Quando a aurora do sétimo dia estava para raiar, Nergal, com Ereshkigal adormecida em seus braços, sentiu então pela primeira vez o impacto total de ter-se rendido aos encantos de Ereshkigal. Dúvidas encheram seu coração: tanto amor, responsabilidade e paixão ele estava sendo chamado a compartilhar. Será que ele estava realmente pronto para assumir tal compromisso?
" Minha irmã mais velha, minha amada," Nergal pensou, beijando a orelha bem feita, os cabelos longos e sedosos. "Estamos juntos há seis dias e seis noites apaixonadas. Agora que a sétima aurora se aproxima, um ciclo completo está chegando ao fim. Ereshkigal, grande rainha que capturou meu coração, serás realmente a resposta para todos os meus desejos, o melhor abraço para o meu beijo, amiga, amante, companheira, de todas, a melhor? Pode ser eu não o sejas! Até descobrir a resposta para esta pergunta, deixar-te-ei para subir mais uma vez aos Mundos das Alturas, para depois, e somente depois, retornar. Pois com certeza retornarei para ti, mas por agora me devo ir! Quem sabe, quando minha resposta encontrar, voltarei então para sempre ficar!’
Nergal não se atreveu a acordar Ereshkigal. Beijou-a pela ultima vez e com imensa gentileza, ajeitou-a no leito, desvencilhando-se dos braços que se teimavam em se enroscar no seu pescoço, com cuidado, para não despertá-la. Com presteza, mas sem olhar para o leito sagrado, onde dormia ainda a amada (pois talvez não tivesse coragem de partir), Nergal vestiu-se, deixando os aposentos de Ereshkigal.

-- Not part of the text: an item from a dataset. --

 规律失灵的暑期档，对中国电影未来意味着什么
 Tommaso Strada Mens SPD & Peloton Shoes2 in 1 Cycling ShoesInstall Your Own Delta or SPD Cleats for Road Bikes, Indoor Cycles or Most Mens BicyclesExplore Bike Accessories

Como um ladrão em fuga, silencioso e veloz, antes da aurora, quando as Grandes Profundezas estavam ainda mais mergulhadas na mais completa calma, Nergal percorreu os corredores do templo, como um fantasma ele se esgueirou por entre os sete grandes portais, como um espirito Nergal não foi visto, exceto durante um breve momento por Namtar. Mas já era tarde para o fiel conselheiro ir atrás do deus da guerra, que subiu sem ser perturbado a grande Escadaria dos Céus, o ponto de entrada para os Mundos Superiores.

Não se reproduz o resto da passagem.